Kafka introduction

Time:2020-2-26

In the previous article, I introduced the use scenario of message queuing, now I will introduce Kafka

Main features of Kafka:

  • Provides high throughput for both publishing and subscription. It is understood that Kafka can produce about 250000 messages (50 MB) per second and process 550000 messages (110 MB) per second.
  • Persistent operation is available. Persist messages to disk, so they can be used for bulk consumption, such as ETL, and real-time applications. Prevent data loss by persisting data to the hard disk and replication.
  • Distributed system, easy to expand. All producers, brokers, and consumers will have multiple, all distributed. The machine can be extended without stopping.
  • The status of the message being processed is maintained on the consumer side, not the server side. It can balance automatically when it fails.
  • Online and offline scenarios are supported.

Kafka architecture

Kafka’s overall architecture is very simple. It is an explicit distributed architecture. There can be multiple producers, brokers (Kafka) and consumers. Producer and consumer implement the Kafka registration interface, and the data is sent from producer to broker, which is responsible for an intermediate cache and distribution. Broker distributes consumers registered in the system. The role of broker is similar to caching, that is, caching between active data and offline processing systems. The communication between client and server is based on simple, high performance and programming language independent TCP protocol.

Some basic concepts

  • Topic: refers to the different categories of feeds of messages processed by Kafka.
  • Partition: the physical grouping of topics. A topic can be divided into multiple partitions. Each partition is an orderly queue. Each message in the partition is assigned an ordered ID (offset).
  • Message: message is the basic unit of communication. Each producer can publish some messages to a topic.
  • Producers: message and data producers. The process of publishing messages to a topic in Kafka is called producers.
  • Consumers: the process of message and data consumers subscribing to topics and processing their published messages is called consumers.
  • Broker: cache agent, one or more servers in Kafka cluster are collectively referred to as broker.

Message sending process

1. Producer publishes the message to the partition of the specified topic according to the specified partition method (round robin, hash, etc.)

2. After receiving the message from producer, Kafka cluster will persist it to the hard disk, and keep the specified time (configurable) of the message, regardless of whether the message is consumed.

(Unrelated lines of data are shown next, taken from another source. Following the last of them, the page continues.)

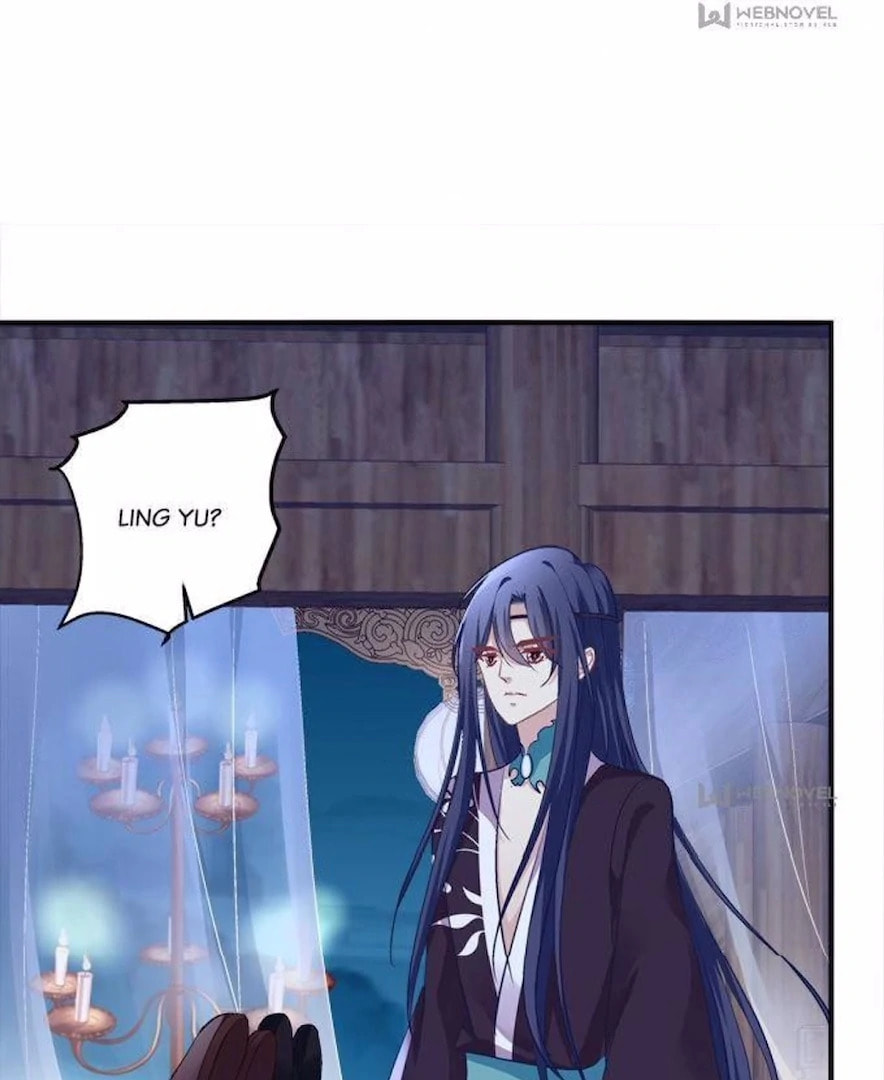 Cat Demon's Seduction (Colored) Chapter 203 page 71 - 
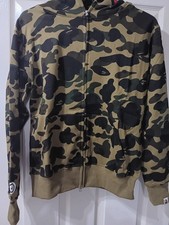 #BAPE ABC #Camo #Shark Full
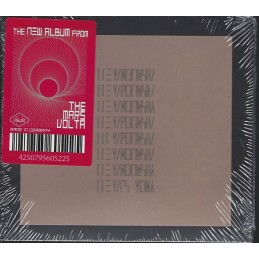 The Mars Volta - The Mars...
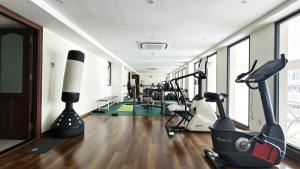 Saigon Times Apartment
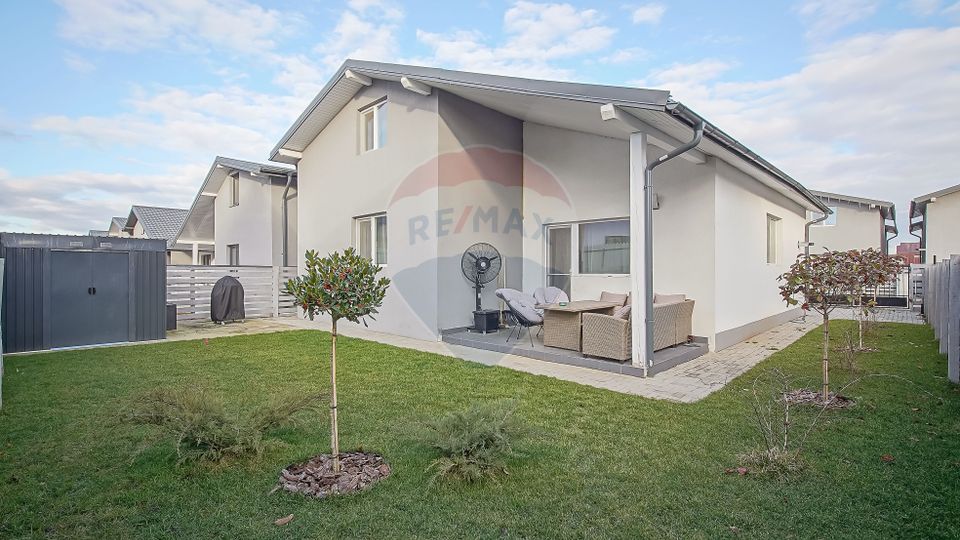 Comision 0%! Casa mobilată și utilată Izvor | toate utilitatile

3. The consumer pulls data from Kafka cluster and controls the offset of getting messages

Message storage policy

When it comes to Kafka storage, we have to mention partitions, that is, partitions. When creating a topic, you can specify the number of partitions at the same time. The more partitions, the greater the throughput, but the more resources you need, and the higher the unavailability. After receiving the messages sent by the producers, Kafka will store the messages in different partitions according to the equalization strategy.

In each partition, messages are stored in order, and the latest received messages are consumed.

Interaction with producers

  • When the producer sends messages to the Kafka cluster, it can send them to the specified partition through the specified partition
  • You can also send messages to different partitions by specifying an equalization strategy
  • If not specified, the message will be randomly stored in different partitions using the default random equalization strategy

Interaction with consumers

  • When consumers consume messages, Kafka uses offset to record the current consumption position
  • In Kafka’s design, there can be multiple different groups to consume messages under the same topic at the same time. As shown in the figure, we have two different groups to consume messages at the same time, and their consumption record location offset does not interfere with each other.
  • For a group, the number of consumers should not be more than the number of partitions, because in a group, each partition can only be bound to one consumer at most, that is, one consumer can consume multiple partitions, and one partition can only consume one consumer
  • If the number of consumers in a group is greater than the number of partitions, the redundant consumers will not receive any messages.